By Brian McVicar
GRAND RAPIDS, MI — Bethany Christian Services is urging President Donald Trump's administration to reconsider its push to restrict the number of refugees accepted into the U.S., saying there's an economic and humanitarian case for helping people fleeing war and persecution.
"We're deeply concerned that it could be zeroed out or brought down to just a level that's so low it doesn't have any impact," said Chris Palusky, president and CEO of the Grand Rapids-based nonprofit, who met Tuesday with members of Vice President Mike Pence's staff to share his concerns.
Bethany, a Grand Rapids-based nonprofit, resettles refugees in Michigan and Pennsylvania. It says it's the largest resettlement agency for unaccompanied refugee minors in the U.S.
The Associated Press reported Sept. 7 that officials in the Trump administration have proposed capping the number of refugees permitted into the U.S. at 15,000 or less.
That's down from the current cap of 30,000 refugees, the AP reported, and significantly below the 110,000 cap President Barack Obama set during his last year in office.
Palusky said he met with representatives of the vice president's office for about an hour and a half Tuesday. He said he discussed the humanitarian case for helping people fleeing war and persecution, as well as the economic impact those refugees have on the businesses that hire them once they arrive in the U.S.
He said Michigan businesses, through a partnership with Bethany, have hired over 5,000 refugees since 2009.
Palusky said he's hopeful the administration will consider his concerns.
"We have such an opaque view of the process," he said. "I would like to say I'm optimistic. I don't know. All we can do is advocate, pray and continue to have voices, to speak up for those that have no voice."
Bethany has resettled refugees, a group that encompasses individuals, families and unaccompanied minors, since 1975. This fiscal year, it expects to resettle about 400 refugees in the Grand Rapids and Kalamazoo area and 140 refugees in Lancaster, Pennsylvania.

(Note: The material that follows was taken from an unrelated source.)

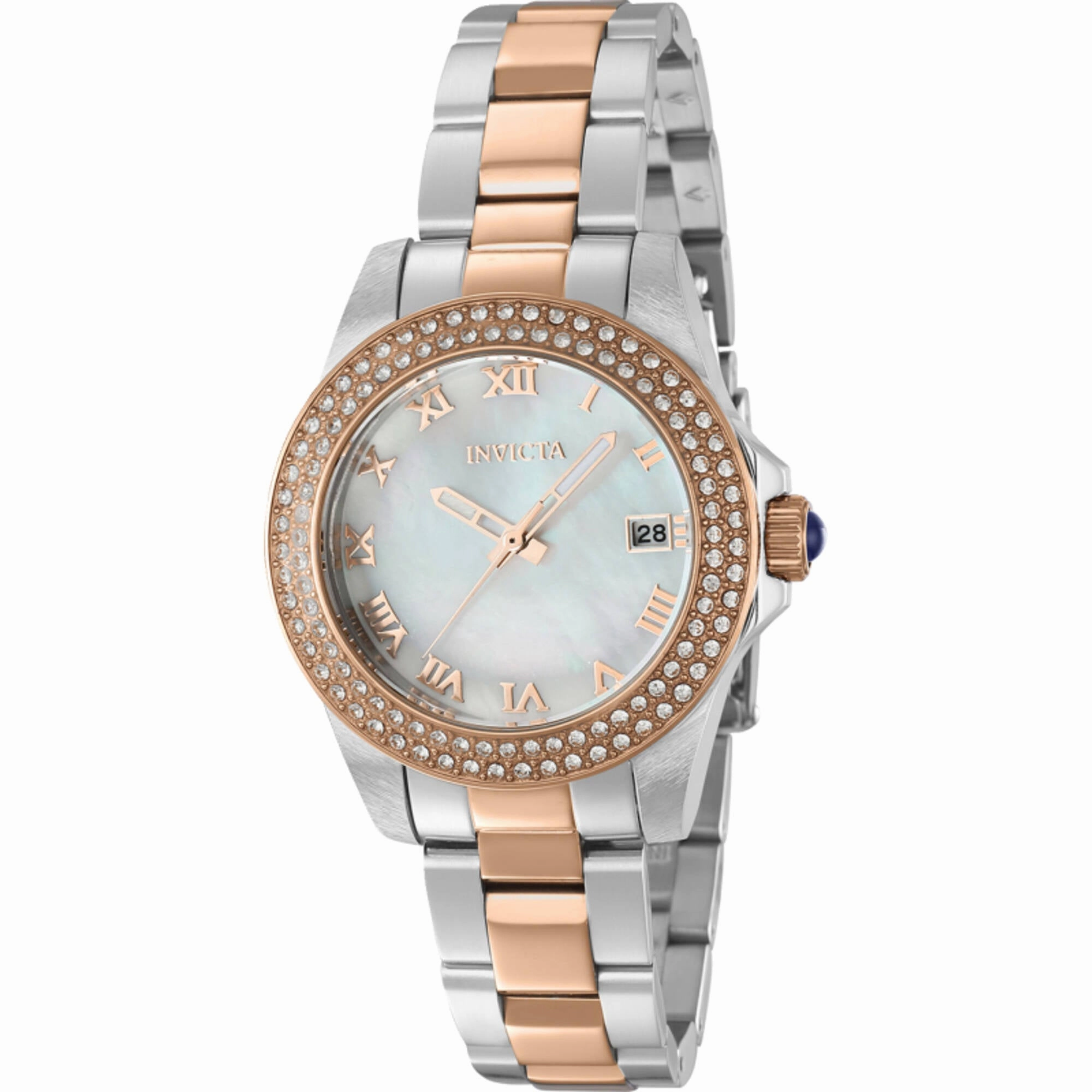 Invicta Women's Watch Angel White Mother of Pearl Dial Bracelet Crystal 36076
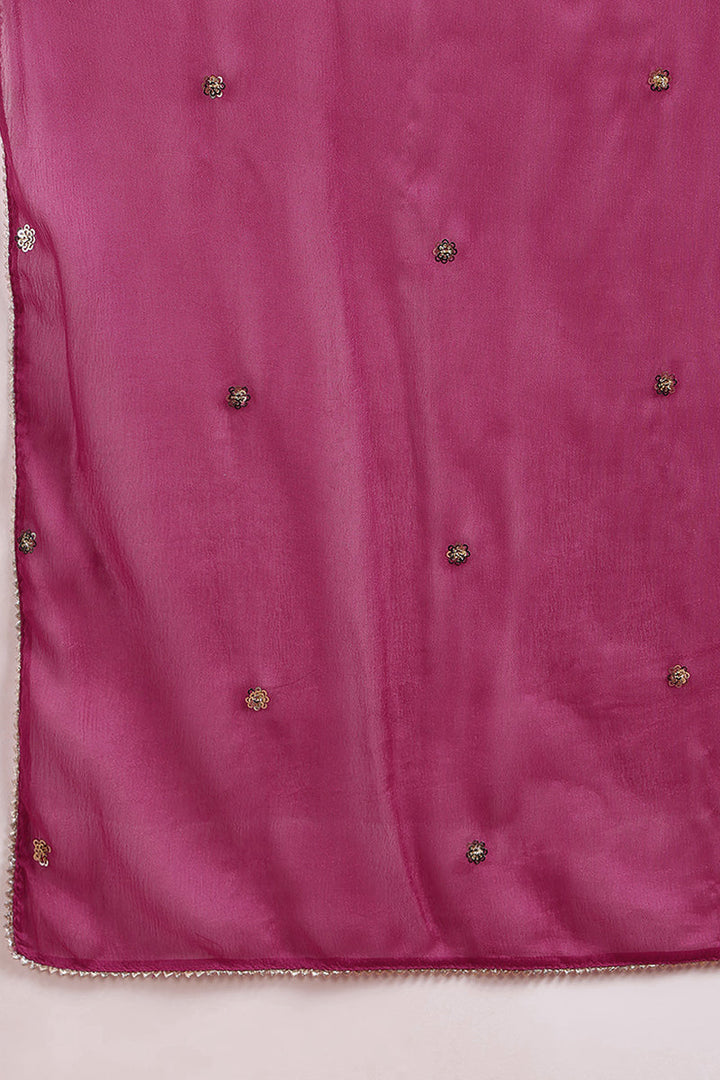 Magenta Pink Silk Blend Embroidered Anarkali Suit Set | SHOBITAM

The 400 refugees Bethany is resettling in West Michigan is a record high for Bethany.
That's because refugees from the Democratic Republic of Congo represent the largest group of refugees entering the U.S., and Bethany is one of the largest Congolese refugee resettlement agencies, said Nate Bult, Bethany's vice president of public and government affairs.
Last month, Bethany Christian Services and a group of 36 businesses and organizations sent a letter to U.S. Secretary of State Mike Pompeo urging the administration to "consider the positive contributions refugees make in our communities."
"Refugees are vital to the continuing prosperity of our communities — they pay taxes, help grow our economy and bring unique skillsets, experiences, and insights," according to Bethany's letter, which was signed by companies such as Steelcase, Suburban Inns and Haworth, as well as the Grand Rapids Area Chamber of Commerce.
"They improve our state's quality of life and are helping shape Michigan's opportunities for continued growth."